■ Task ■
Where does the word "soft" appear in the data? Copy every line that holds it.

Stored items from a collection
=-=-=-=-=
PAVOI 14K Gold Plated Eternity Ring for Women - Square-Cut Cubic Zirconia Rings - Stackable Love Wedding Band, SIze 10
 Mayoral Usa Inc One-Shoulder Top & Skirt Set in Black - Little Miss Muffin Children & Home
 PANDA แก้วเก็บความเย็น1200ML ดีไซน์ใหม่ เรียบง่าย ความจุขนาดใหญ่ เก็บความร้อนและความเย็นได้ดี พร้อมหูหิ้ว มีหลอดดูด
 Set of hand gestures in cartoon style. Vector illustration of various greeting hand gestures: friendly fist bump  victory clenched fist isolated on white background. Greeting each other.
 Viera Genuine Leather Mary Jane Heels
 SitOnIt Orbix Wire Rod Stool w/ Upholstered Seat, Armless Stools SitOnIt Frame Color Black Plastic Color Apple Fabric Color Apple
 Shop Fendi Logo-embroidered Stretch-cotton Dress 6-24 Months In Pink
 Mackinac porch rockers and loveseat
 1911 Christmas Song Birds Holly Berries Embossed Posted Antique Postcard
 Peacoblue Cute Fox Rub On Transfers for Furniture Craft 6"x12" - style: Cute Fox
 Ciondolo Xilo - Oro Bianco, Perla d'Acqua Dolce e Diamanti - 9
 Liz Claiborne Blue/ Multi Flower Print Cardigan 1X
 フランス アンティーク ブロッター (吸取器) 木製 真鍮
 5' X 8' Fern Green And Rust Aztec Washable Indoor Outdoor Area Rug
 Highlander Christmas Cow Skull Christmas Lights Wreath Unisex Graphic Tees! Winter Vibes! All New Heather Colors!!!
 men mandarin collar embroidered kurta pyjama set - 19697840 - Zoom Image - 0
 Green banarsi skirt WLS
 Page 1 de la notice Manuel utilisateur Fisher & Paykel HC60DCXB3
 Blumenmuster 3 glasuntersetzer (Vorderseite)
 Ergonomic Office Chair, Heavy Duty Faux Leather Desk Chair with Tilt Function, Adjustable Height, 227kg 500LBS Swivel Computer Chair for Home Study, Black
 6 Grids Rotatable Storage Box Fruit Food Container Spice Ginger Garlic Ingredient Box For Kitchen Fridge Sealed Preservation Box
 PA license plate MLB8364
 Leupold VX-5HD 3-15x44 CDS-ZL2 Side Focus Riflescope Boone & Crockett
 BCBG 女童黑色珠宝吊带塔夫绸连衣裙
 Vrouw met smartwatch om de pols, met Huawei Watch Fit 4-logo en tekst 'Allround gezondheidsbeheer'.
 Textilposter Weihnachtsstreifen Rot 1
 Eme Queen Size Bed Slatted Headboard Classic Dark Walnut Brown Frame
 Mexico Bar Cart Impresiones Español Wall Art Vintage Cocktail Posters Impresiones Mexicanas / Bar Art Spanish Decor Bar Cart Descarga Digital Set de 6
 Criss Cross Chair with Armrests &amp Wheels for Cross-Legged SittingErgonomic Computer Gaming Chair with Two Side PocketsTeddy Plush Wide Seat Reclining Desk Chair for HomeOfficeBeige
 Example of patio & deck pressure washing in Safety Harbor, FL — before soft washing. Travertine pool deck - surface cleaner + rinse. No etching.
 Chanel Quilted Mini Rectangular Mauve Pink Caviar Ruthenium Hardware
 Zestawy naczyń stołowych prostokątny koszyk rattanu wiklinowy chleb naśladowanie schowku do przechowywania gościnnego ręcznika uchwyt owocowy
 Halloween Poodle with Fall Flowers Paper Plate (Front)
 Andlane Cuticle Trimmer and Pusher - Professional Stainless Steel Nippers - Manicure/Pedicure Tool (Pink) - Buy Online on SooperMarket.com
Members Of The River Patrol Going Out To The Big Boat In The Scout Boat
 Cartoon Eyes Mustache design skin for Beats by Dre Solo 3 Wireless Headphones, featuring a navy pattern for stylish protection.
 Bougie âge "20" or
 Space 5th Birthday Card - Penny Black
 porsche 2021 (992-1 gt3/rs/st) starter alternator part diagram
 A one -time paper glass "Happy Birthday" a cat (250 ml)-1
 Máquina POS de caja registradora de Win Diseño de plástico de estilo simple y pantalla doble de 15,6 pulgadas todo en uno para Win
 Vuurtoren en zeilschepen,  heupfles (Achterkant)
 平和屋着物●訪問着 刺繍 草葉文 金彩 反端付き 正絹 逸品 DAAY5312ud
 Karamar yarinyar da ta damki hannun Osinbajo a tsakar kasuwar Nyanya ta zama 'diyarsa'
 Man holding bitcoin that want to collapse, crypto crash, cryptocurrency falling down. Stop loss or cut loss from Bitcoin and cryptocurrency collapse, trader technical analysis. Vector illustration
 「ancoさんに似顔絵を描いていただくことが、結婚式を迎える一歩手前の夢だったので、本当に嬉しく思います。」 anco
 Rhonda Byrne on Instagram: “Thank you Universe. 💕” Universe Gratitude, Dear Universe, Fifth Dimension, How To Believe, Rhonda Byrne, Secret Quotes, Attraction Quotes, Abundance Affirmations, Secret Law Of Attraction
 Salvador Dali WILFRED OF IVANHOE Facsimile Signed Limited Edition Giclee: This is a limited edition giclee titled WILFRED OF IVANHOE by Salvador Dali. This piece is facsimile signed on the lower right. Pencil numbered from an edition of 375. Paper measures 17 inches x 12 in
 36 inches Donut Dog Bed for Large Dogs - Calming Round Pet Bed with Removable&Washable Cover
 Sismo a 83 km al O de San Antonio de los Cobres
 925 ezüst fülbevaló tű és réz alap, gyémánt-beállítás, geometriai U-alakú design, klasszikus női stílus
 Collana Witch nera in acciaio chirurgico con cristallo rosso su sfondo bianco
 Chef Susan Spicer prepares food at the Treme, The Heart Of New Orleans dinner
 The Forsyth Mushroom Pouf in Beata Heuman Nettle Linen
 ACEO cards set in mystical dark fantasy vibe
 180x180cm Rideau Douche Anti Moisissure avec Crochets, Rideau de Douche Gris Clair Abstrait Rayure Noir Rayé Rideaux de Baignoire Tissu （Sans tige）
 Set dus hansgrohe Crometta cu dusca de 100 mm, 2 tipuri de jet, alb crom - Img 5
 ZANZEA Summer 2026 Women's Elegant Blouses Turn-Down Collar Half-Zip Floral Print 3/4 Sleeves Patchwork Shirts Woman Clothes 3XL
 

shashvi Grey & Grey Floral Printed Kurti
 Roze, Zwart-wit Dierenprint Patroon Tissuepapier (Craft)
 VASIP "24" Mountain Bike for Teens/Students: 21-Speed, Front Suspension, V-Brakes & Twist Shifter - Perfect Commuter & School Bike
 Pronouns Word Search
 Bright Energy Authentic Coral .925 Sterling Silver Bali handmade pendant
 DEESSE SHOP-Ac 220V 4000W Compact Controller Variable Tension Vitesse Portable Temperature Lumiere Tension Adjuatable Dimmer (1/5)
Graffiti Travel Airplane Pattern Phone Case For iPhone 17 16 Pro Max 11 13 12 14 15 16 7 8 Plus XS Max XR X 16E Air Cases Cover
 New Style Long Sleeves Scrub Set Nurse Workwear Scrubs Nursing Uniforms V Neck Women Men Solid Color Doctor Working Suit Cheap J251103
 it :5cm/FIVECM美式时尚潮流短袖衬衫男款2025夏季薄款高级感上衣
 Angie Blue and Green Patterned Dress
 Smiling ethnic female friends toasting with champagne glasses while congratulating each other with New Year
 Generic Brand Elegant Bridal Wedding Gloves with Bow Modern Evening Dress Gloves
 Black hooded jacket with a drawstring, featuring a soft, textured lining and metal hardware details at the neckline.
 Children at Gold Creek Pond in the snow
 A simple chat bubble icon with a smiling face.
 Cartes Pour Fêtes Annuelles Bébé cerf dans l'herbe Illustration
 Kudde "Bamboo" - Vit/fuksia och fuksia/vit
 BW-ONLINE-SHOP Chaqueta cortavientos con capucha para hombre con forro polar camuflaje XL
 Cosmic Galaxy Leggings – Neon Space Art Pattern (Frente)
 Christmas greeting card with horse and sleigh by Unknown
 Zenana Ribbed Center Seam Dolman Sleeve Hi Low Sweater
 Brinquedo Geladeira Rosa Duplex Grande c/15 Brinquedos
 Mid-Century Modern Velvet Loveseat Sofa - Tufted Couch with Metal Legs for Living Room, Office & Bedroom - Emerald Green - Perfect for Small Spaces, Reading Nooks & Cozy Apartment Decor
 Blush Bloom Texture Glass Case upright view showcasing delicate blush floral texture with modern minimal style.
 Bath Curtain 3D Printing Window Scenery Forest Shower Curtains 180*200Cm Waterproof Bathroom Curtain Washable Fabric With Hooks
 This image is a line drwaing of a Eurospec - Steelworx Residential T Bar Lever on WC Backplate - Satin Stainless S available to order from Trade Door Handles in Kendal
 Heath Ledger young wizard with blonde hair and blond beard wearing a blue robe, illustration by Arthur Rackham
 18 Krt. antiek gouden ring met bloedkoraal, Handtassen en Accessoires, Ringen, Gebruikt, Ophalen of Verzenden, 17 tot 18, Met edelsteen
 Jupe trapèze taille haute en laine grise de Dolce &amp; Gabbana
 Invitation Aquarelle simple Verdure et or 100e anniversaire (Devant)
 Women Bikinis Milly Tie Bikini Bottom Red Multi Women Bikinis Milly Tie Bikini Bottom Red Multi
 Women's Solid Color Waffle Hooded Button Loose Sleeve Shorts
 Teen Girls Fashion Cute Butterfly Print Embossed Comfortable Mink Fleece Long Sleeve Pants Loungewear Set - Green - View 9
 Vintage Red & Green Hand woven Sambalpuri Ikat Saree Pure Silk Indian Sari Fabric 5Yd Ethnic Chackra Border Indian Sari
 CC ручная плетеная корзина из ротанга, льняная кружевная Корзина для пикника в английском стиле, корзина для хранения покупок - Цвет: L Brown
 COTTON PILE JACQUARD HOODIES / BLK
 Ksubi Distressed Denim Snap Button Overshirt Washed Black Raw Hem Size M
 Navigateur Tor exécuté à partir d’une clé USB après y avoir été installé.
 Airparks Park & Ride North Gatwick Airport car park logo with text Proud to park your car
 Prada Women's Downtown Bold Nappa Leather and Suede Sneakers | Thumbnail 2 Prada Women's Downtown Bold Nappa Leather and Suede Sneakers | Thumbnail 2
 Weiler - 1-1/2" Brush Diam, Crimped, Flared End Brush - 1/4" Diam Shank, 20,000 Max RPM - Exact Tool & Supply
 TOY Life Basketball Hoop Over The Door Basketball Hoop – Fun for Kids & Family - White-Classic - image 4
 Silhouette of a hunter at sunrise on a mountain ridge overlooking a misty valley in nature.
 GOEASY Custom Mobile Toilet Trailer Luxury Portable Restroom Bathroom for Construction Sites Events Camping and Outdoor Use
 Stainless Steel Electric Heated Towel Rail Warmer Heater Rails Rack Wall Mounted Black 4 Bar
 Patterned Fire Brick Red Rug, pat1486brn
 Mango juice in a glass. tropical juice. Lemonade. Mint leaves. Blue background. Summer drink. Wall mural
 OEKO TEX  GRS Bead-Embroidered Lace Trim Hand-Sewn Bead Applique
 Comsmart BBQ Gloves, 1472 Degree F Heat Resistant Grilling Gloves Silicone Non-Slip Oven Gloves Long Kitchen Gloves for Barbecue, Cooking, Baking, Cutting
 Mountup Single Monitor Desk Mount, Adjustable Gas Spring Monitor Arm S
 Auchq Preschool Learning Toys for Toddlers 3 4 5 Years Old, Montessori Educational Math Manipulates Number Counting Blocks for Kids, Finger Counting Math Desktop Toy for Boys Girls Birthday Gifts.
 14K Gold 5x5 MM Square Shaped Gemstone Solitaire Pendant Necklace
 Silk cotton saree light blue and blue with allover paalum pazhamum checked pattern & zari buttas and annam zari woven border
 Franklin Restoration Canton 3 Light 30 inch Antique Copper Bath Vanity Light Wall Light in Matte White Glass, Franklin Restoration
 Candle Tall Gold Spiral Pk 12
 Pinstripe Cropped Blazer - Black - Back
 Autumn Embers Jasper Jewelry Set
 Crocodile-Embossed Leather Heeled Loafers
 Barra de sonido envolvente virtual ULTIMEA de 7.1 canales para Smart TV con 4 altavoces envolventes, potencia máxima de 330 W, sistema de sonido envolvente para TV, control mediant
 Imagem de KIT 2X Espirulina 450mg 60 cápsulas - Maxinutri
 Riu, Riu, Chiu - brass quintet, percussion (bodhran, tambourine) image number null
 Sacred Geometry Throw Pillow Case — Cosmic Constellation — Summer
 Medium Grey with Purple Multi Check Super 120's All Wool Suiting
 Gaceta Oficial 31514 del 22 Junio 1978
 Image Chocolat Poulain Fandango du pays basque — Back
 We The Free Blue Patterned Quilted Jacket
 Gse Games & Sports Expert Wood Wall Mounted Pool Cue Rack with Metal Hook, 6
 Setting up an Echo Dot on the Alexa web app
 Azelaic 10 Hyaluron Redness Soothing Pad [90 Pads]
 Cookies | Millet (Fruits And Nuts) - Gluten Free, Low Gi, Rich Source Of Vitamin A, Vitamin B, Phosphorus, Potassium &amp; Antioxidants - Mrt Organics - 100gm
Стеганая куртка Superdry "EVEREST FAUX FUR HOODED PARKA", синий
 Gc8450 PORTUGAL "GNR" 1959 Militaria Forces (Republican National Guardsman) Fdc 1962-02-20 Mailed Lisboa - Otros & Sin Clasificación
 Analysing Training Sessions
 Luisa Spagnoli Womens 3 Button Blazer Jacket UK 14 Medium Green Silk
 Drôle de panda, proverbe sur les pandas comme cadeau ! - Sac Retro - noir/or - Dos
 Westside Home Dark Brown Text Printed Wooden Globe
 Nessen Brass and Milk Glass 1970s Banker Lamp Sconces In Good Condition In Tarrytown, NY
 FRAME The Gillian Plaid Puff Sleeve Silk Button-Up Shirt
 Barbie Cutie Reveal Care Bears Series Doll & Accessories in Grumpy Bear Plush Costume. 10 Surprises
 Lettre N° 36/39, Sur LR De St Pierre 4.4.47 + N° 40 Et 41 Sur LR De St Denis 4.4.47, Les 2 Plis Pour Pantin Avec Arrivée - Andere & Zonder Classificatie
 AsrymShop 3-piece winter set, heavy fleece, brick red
=-=-=-=-=
■ Expected output ■
 Example of patio & deck pressure washing in Safety Harbor, FL — before soft washing. Travertine pool deck - surface cleaner + rinse. No etching.
 Black hooded jacket with a drawstring, featuring a soft, textured lining and metal hardware details at the neckline.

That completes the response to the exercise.